Project 1: Crosslinking in Semi-Batch Seeded Emulsion Polymerization: Effect of Linear and Non-Linear Monomer Feeding Rate Profiles on Gel Formation
Waterborne latex is often called a product-of-process. Here, the effect of semi-batch monomer feed rate on the kinetics and gel formation in seeded emulsion polymerization was investigated for the copolymerization of n-butyl methacrylate (n-BMA) and ethylene glycol dimethacrylate (EGDMA). Strikingly, the gel fraction was observed to be significantly influenced by monomer feed rate, even while most of the experiments were performed under so-called starve-fed conditions. More flooded conditions from faster monomer feed rates, including seeded batch reactions, counterintuitively resulted in significantly higher gel fraction. Chain transfer to polymer was intentionally suppressed here via monomer selection so as to focus mechanistic insights to relate only to the influence of a divinyl monomer, as opposed to being clouded by contributions to topology from long chain branching. Simulations revealed that the dominant influence on this phenomenon was the sensitivity of primary intramolecular cyclization to the instantaneous unreacted monomer concentration, which is directly impacted by monomer feed rate. The rate constant for cyclization for these conditions was determined to be first order and 4000 s−1, approximately 4 times that typically observed for backbiting in acrylates. This concept has been explored previously for bulk and solution polymerizations, but not for emulsified reaction environments and especially for the very low mole fraction divinyl monomer. In addition, while gel fraction could be dramatically manipulated by variations in linear monomer feed rates, it could be markedly enhanced by leveraging non-linear feed profiles built from combination sequences of flooded and starved conditions. For a 2 h total feed time, a fully linear profile resulted in 30% gel while a corresponding non-linear profile with an early fast-feed segment resulted in 80% gel.

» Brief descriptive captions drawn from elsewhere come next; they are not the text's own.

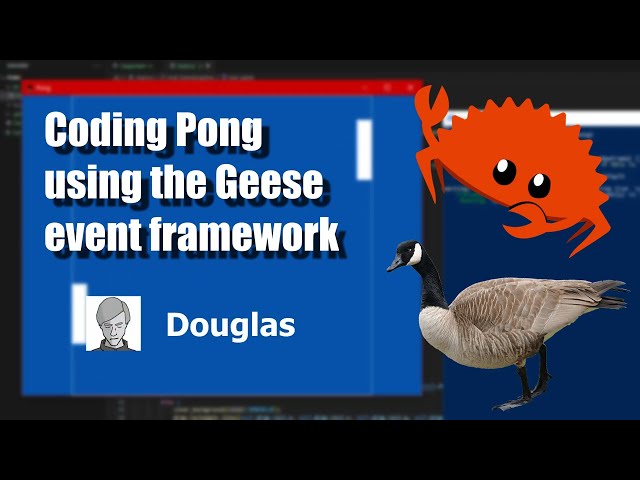 How to code PONG w/ Rust and Geese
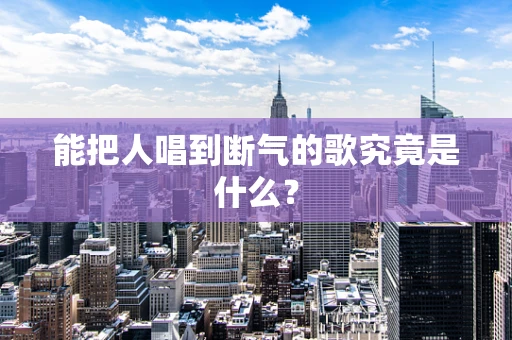 能把人唱到断气的歌究竟是什么？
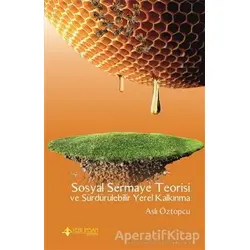 Sosyal Sermaye Teorisi ve Sürdürülebilir Yerel Kalkınma - Aslı Öztopcu - Yeni İnsan Yayınevi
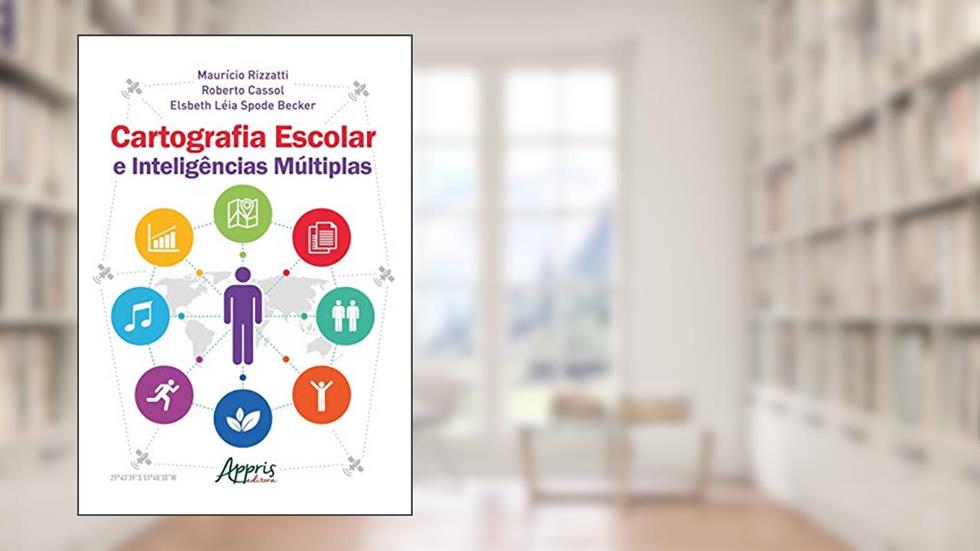 Cartografia escolar e inteligências múltiplas, do autor Elsbeth Léia Spode Becker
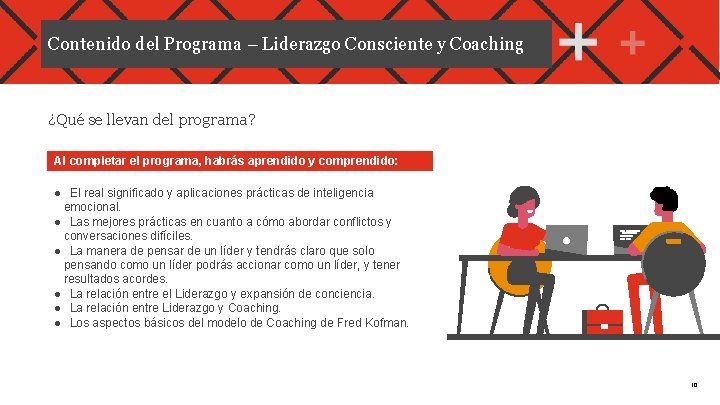 Contenido del Programa – Liderazgo Consciente y Coaching ¿Qué se llevan del programa? Al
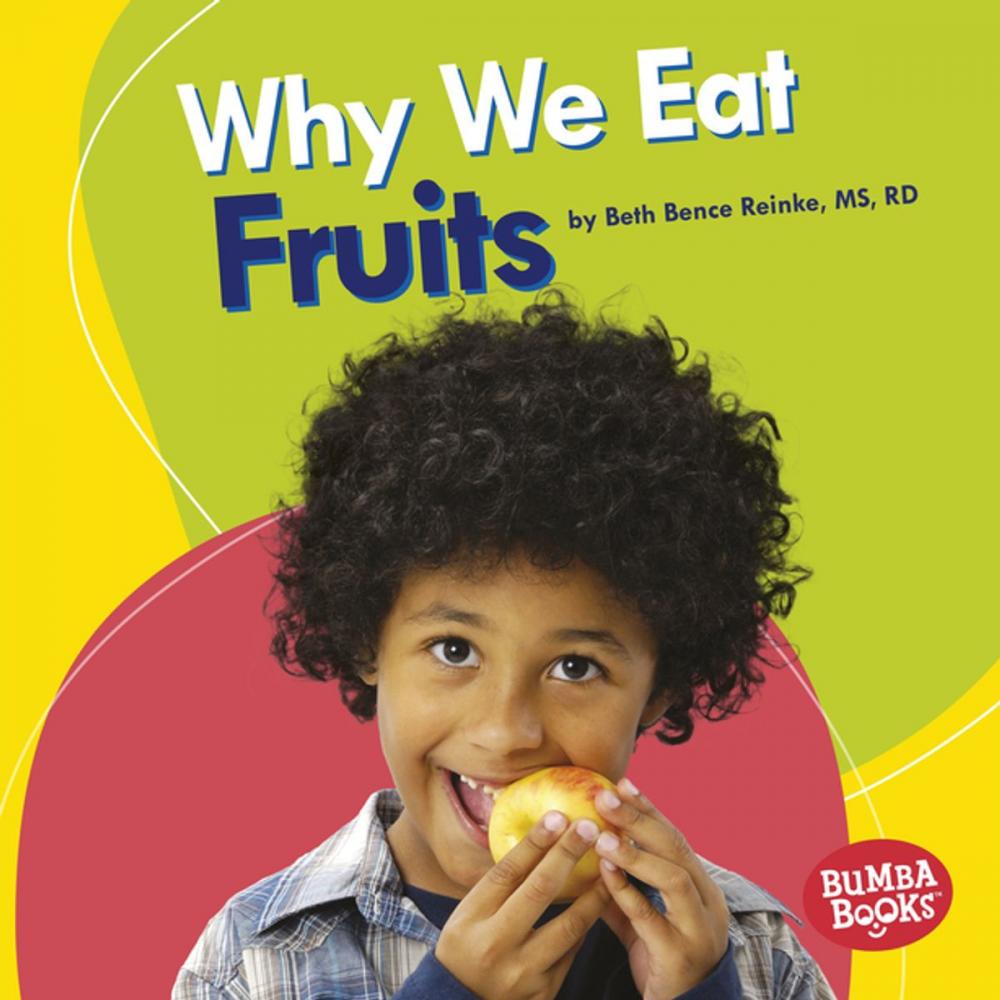 Big bigCover of Why We Eat Fruits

CHANG LIU, Amit K. Tripathi, Wei Gao (DOW CHEMICAL), and John G. Tsavalas
Crosslinking in Semi-Batch Seeded Emulsion Polymerization: Effect of Linear and Non-Linear Monomer Feeding Rate Profiles on Gel Formation. Polymers, 13(4), 596. https://doi.org/10.3390/polym13040596
Project 2: Early Bird Gets the Network: The Relative Importance of Reactivity Ratios, Ψ Parameter, and Crosslinker Level on Gel Formation in FRP
Network topology can be tuned in crosslinking free-radical copolymerizations via a variety of crosslinker properties. Our prior work has focused on the impact of the reduced reactivity parameter Ψ, characteristic for each monomer/crosslinker pair, yet here we assess the relative importance of the comonomer reactivity ratios to see whether one factor can counterbalance the other. Both factors are then contrasted to simply the overall loading of crosslinker. Either n-butyl methacrylate (n-BMA) or styrene (STY) was chosen as a primary backbone monomer to copolymerize with one of three crosslinkers: 1,4-butanediol dimethacylate (BDDMA), 1,4- butanediol diacrylate (BDDA) or divinylbenzene (DVB). Both the reactivity ratio and the reduced reactivity parameter, Ψ, are dependent on the monomer-crosslinker pairs, and so the kinetics of the crosslinking reactions and resulting gel development can be significantly impacted even at low crosslinker loading. Moreover, both kinetics and gel can be most dramatically boosted when a crosslinker is applied having a reactivity ratio favoring earlier insertion than statistical incorporation. Earlier incorporation of the crosslinker into chain development leads to an earlier onset of gel formation, which ultimately results in greater final gel content. This amplification of both kinetics and gel can overcome an otherwise small Ψ (steric hinderance on pendent vinyl reactivity) due to crosslinker or main monomer choice. This experimental reactivity ratio effect was further confirmed by Monte Carlo simulations. By whatever mechanism (higher Ψ, lower rA, or higher crosslinker level), starting the gel mechanism earlier produces more gel and a tighter network topology.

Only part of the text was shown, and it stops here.